Problem
All of the entries below should be returned verbatim, apart from the pictures.

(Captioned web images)
■ ■ ■ ■
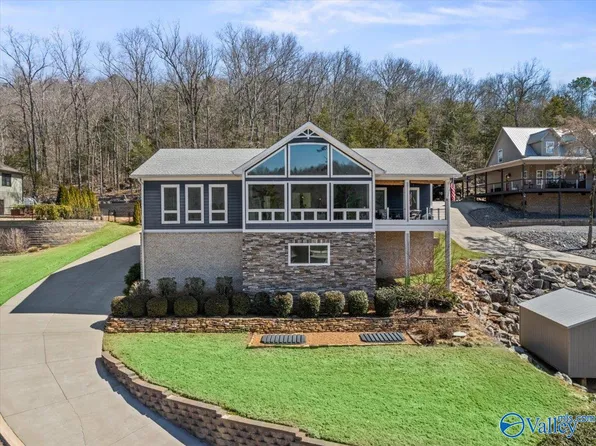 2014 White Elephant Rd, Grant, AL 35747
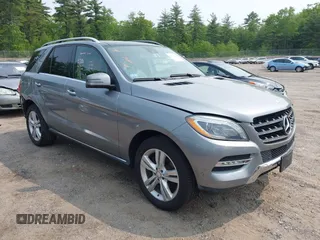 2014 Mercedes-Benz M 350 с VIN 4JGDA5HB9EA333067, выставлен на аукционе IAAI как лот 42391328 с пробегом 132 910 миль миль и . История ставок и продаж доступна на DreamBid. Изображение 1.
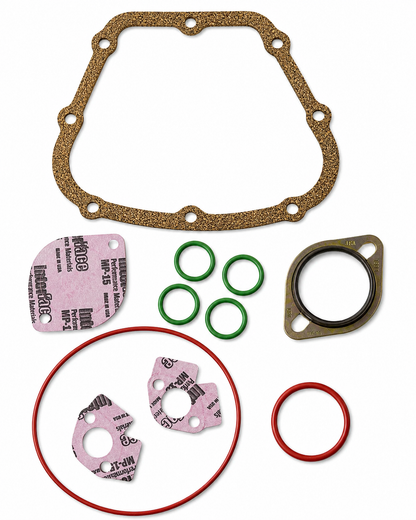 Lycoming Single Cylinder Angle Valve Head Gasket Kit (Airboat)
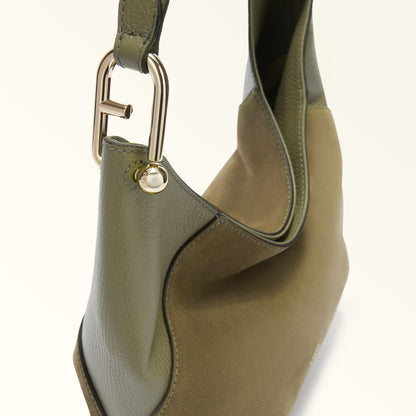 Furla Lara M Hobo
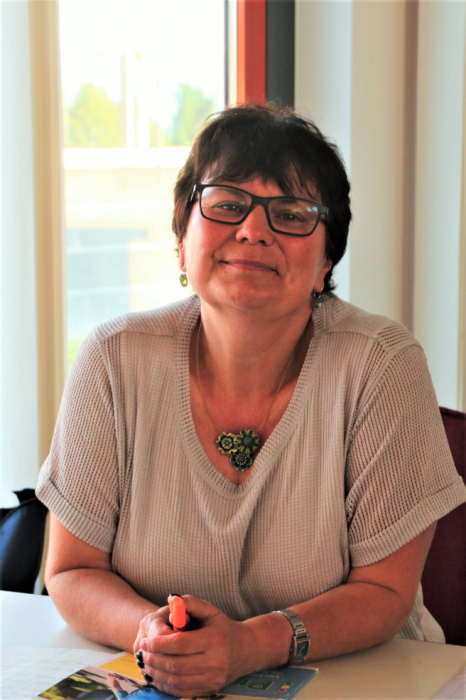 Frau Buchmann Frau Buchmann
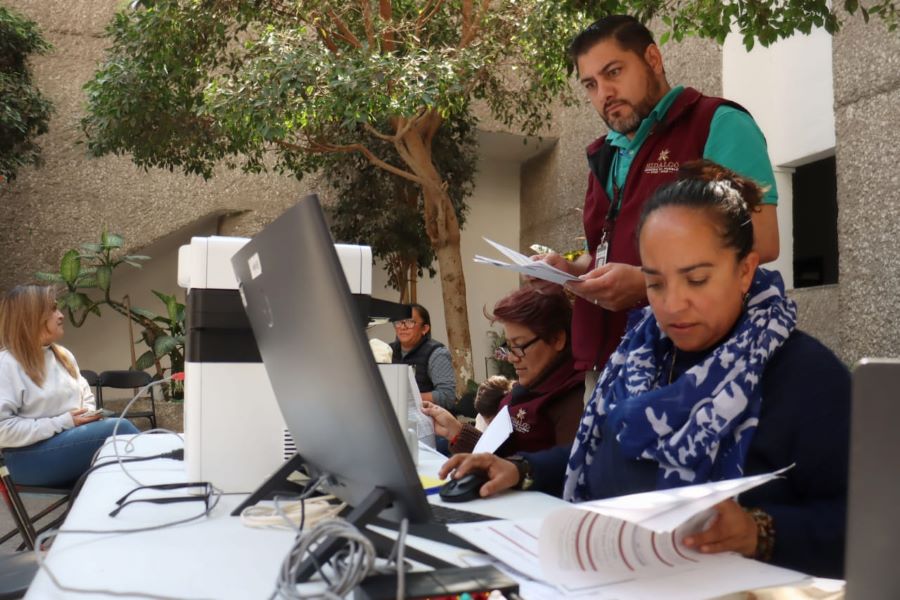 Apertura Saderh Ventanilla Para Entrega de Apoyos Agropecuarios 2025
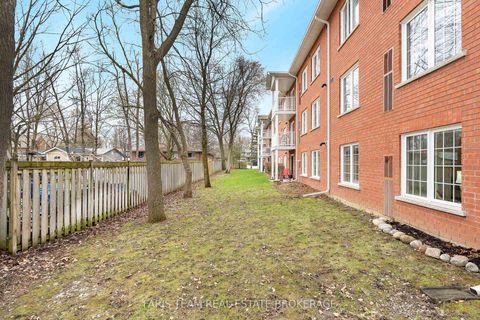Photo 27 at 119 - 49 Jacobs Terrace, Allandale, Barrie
■ ■ ■ ■
Exercise output
 2014 White Elephant Rd, Grant, AL 35747
 2014 Mercedes-Benz M 350 с VIN 4JGDA5HB9EA333067, выставлен на аукционе IAAI как лот 42391328 с пробегом 132 910 миль миль и . История ставок и продаж доступна на DreamBid. Изображение 1.
 Lycoming Single Cylinder Angle Valve Head Gasket Kit (Airboat)
 Furla Lara M Hobo
 Frau Buchmann Frau Buchmann
 Apertura Saderh Ventanilla Para Entrega de Apoyos Agropecuarios 2025
Photo 27 at 119 - 49 Jacobs Terrace, Allandale, Barrie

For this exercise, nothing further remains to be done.